New Greek govt takes office as painful reforms loom
ATHENS, Greece—Greek Prime Minister Alexis Tsipras’ new left-wing government took office on Wednesday with a mandate to tackle painful economic reforms as well as a growing migration crisis that has shaken the EU.
Tsipras barely had time to see his cabinet sworn into office before flying to Brussels for an emergency migration summit, a day after EU ministers forced through a controversial deal to relocate 120,000 refugees, angering several member states in the process.
“We must share the burden,” Tsipras said in Brussels, after complaining that Europe had failed to give adequate support to Athens.

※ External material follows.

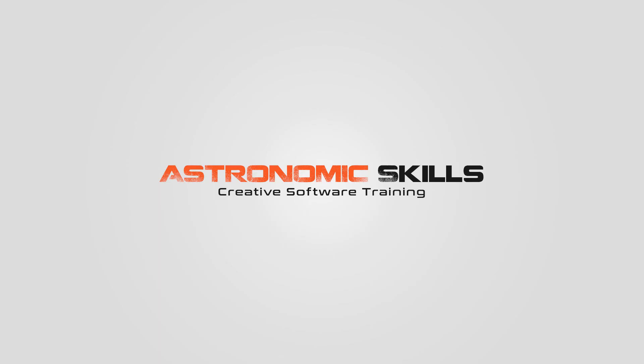I put a link in the description to download project files. You can also download project files from this tutorial and all the tutorials that I've made so far at AstronomicSkills.com. Also, I created a Udemy course for beginner 3D modeling in Cinema 4D. I would value your opinion, and if you could take a look at it and review it, I would really appreciate it. Thank you. Bye.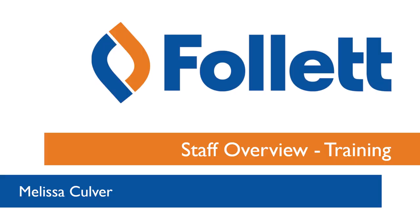Welcome to today's tutorial. The purpose of this tutorial is to talk about Follett Destiny.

The new Greek cabinet is almost a carbon copy of the previous government headed by the 41-year-old premier, who resigned in August after he losing his majority following a rebellion by hardliners in his Syriza party who were angered by the economic reform-and-rescue deal.
One new arrival raised eyebrows—a lawmaker from junior coalition partner, the nationalist Independent Greeks (ANEL), who has made repeated anti-Semitic comments on social media, and was appointed junior works minister.

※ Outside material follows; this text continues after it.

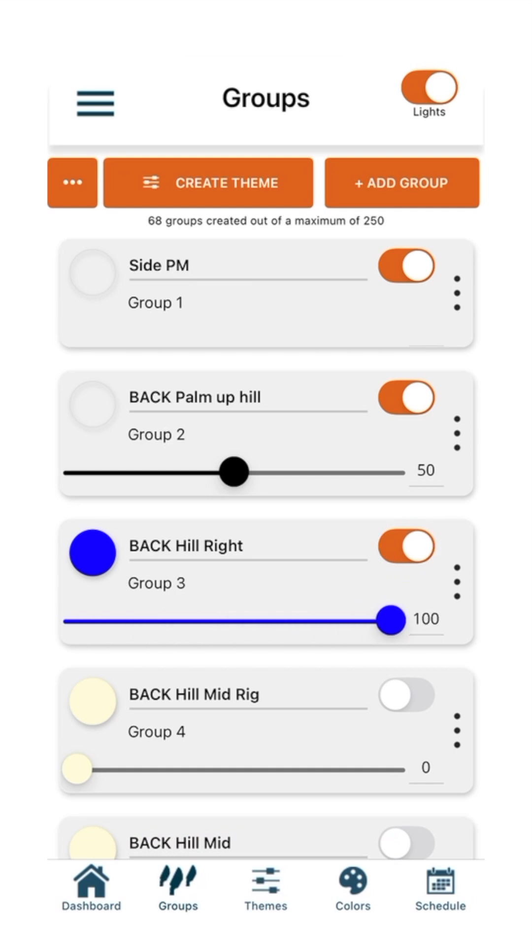Luxor ZDC fixtures are required to control color. Any fixtures in this group without dimming or color changing technology will only turn on and off, regardless of any other changes made to their group tile.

Dmitris Kammenos sparked uproar earlier this year by comparing the EU to Auschwitz, and is also accused of peddling a conspiracy theory claiming that 2,500 Jews employed in New York’s World Trade Centre “skipped work” on the day of the September 11, 2001 attacks.

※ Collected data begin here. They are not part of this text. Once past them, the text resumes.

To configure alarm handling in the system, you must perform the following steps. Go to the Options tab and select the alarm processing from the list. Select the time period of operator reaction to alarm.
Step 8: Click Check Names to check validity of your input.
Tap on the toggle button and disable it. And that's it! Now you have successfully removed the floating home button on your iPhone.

Outrage had mounted over his nomination throughout the day and the government announced late Wednesday that he had stepped down from the post less than 24 hours after being appointed.
Tsipras’ decision to keep the same team that negotiated the July cash-for-reforms deal, the country’s third bailout in five years, has sent a signal to international creditors.
Pro-euro Euclid Tsakalotos retains the finance ministry portfolio while George Chouliarakis, the reclusive expert who led the country’s rocky bailout negotiations with EU and IMF envoys, has been appointed junior finance minister.
According to state news agency ANA, Chouliarakis said 61 percent of Greece’s bailout obligations had been carried out.
He said Greece faced “mild” recession this year, and that Athens must reach a deal on debt relief after it undergoes its first bailout reform audit later this year.
EU economic affairs commissioner Pierre Moscovici expressed delight earlier on Wednesday to have Tsakalotos back at the post.
“Happy to continue working together to help Greece,” Moscovici tweeted.
Keeping the balance
The liberal daily Kathimerini said Wednesday that Tsipras had been careful to reward loyal Syriza cadres who supported him against the hardliners.
“Tsipras’ basic criterion was to keep the balance in his party… and reward those who stood at his side on the bailout issue,” the daily said.
Several members of the cabinet said their first order of business was to revive the Greek economy, which is still bound by capital controls imposed by Tsipras in June to avert a deposit run.
“Our goal is recovery and reconstruction,” deputy prime minister Yiannis Dragasakis told reporters before the ceremony.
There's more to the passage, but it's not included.